Self-Calibration and Performance Control of MEMS with Applications for IoT

Abstract

A systemic problem for microelectromechanical systems (MEMS) has been the large gap between their predicted and actual performances. Due to process variations, no two MEMS have been able to perform identically. In-factory calibration is often required, which can represent as much as three-fourths of the manufacturing costs. Such issues are challenges for microsensors that require higher accuracy and lower cost. Towards addressing these issues, this paper describes how microscale attributes may be used to enable MEMS to accurately calibrate themselves without external references, or enable actual devices to match their predicted performances. Previously, we validated how MEMS with comb drives can be used to autonomously self-measure their change in geometry in going from layout to manufactured, and we verified how MEMS can be made to increase or decrease their effective mass, damping, and or stiffness in real-time to match desired specifications. Here, we present how self-calibration and performance control may be used to accurately sense and extend the capabilities of a variety of sensing applications for the Internet of things (IoT).

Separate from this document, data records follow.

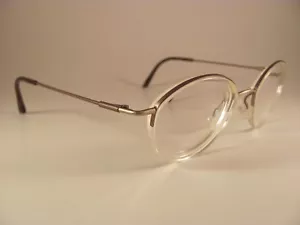 Monturas de gafas RX ovaladas de medio borde de cobre y oro vintage Silhouette M6315 de diseñador - Imagen 1 de 7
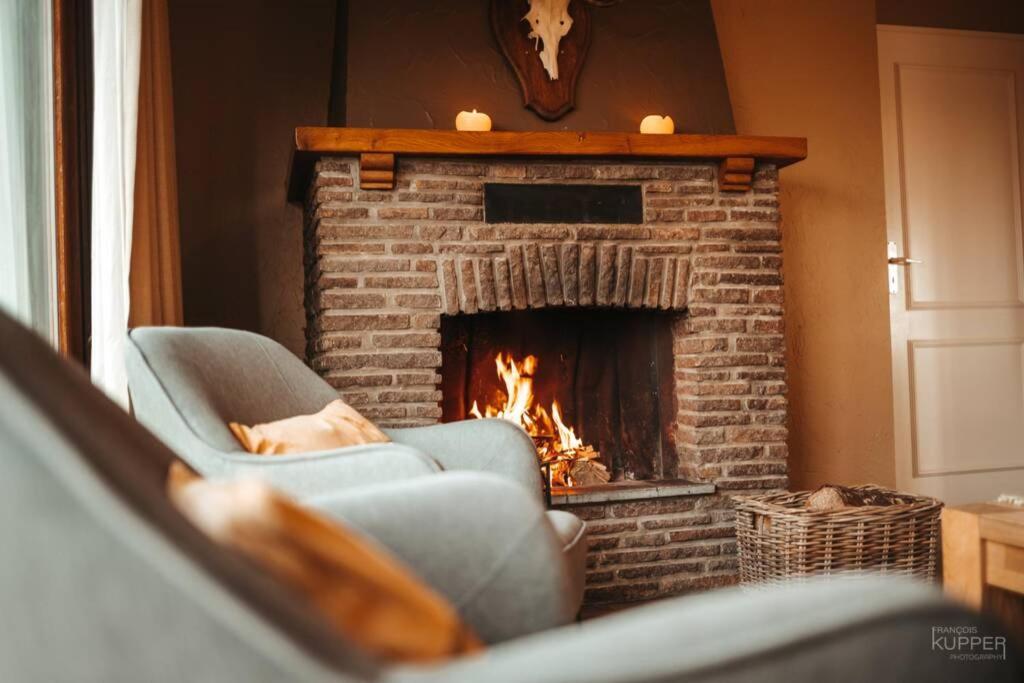Le Héron 28pers, Malmedy- Home cinéma, balnéo, sauna, jardin Exterior foto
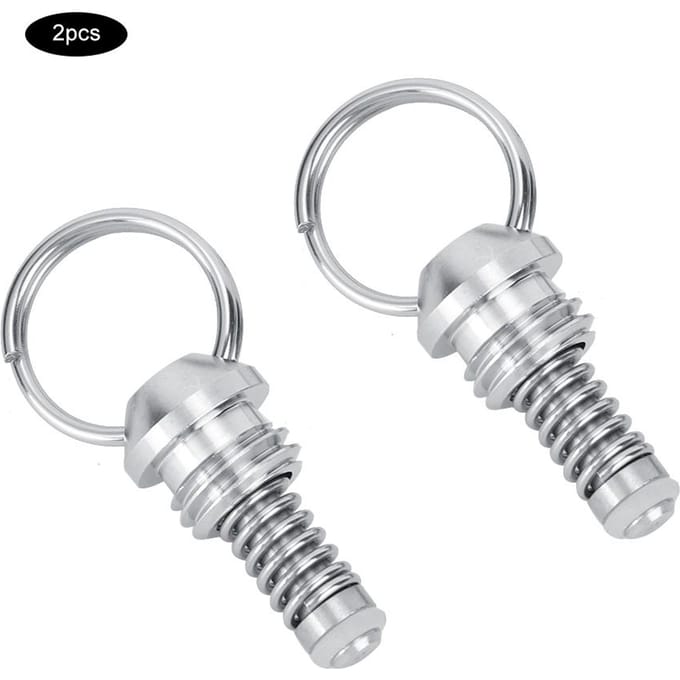 2 Stuks RVS Bierfust Reparatie Drukontlastingsventiel Kogelvergrendeling Bierbrouwaccessoires gray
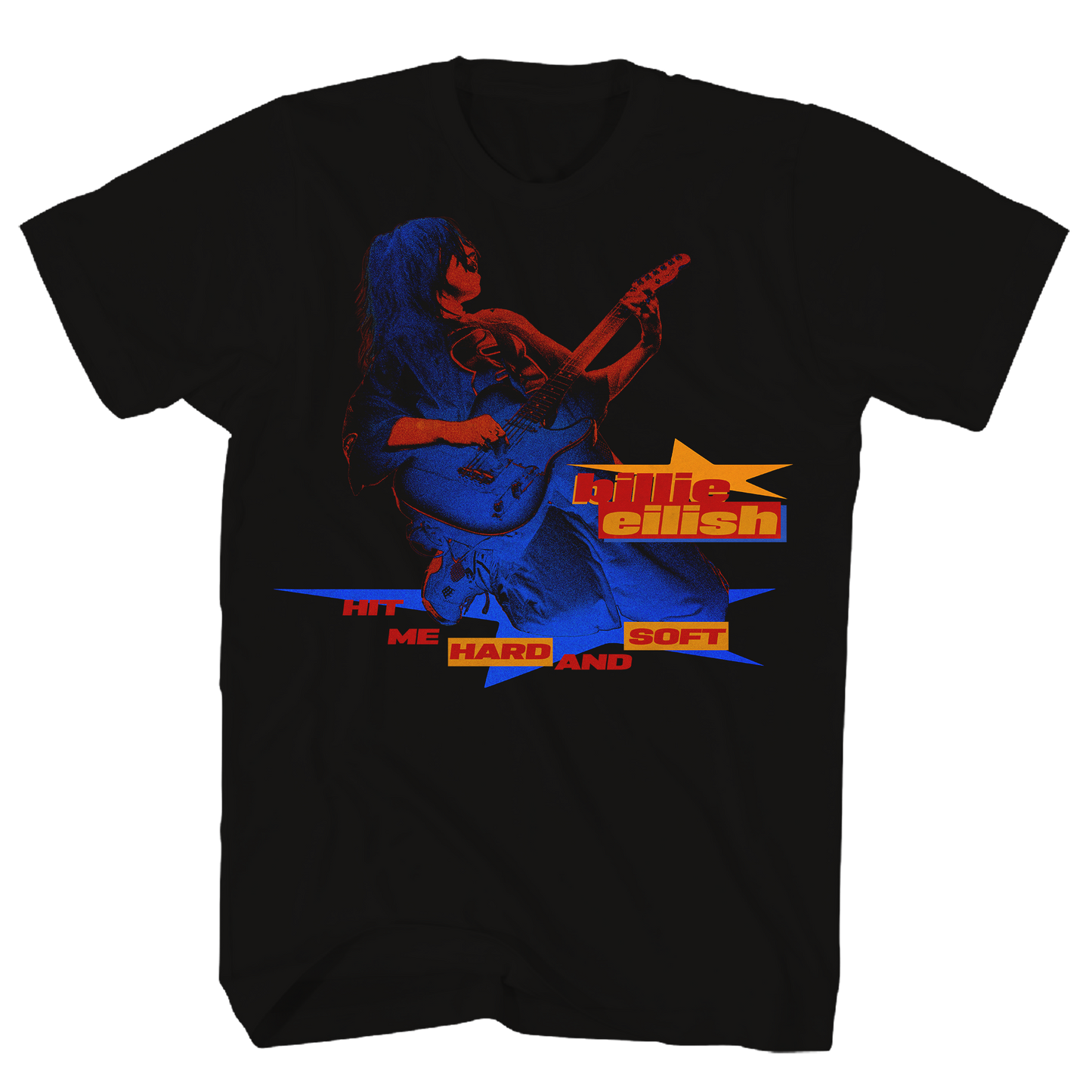 BILLIE EILISH HIT ME HARD AND SOFT GUITAR SOLO BLACK 100% RECYCLED ECOMAX T-SHIRT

Discussions of IoT applications include: (1) measuring absolute temperature due to thermally-induced vibrations; (2) measuring the stiffness of atomic force microscope or biosensor cantilevers; (3) MEMS weighing scales; (4) MEMS gravimeters and altimeters; (5) inertial measurement units that can measure all four non-inertial forces; (6) self-calibrating implantable pressure sensors; (7) diagnostic chips for quality control; (8) closing the gap from experiment to simulation; (9) control of the value of resonance frequency to counter drift or to match modes; (10) control of the value of the quality factor; and (11) low-amplitude Duffing nonlinearity for wideband high-Q resonance.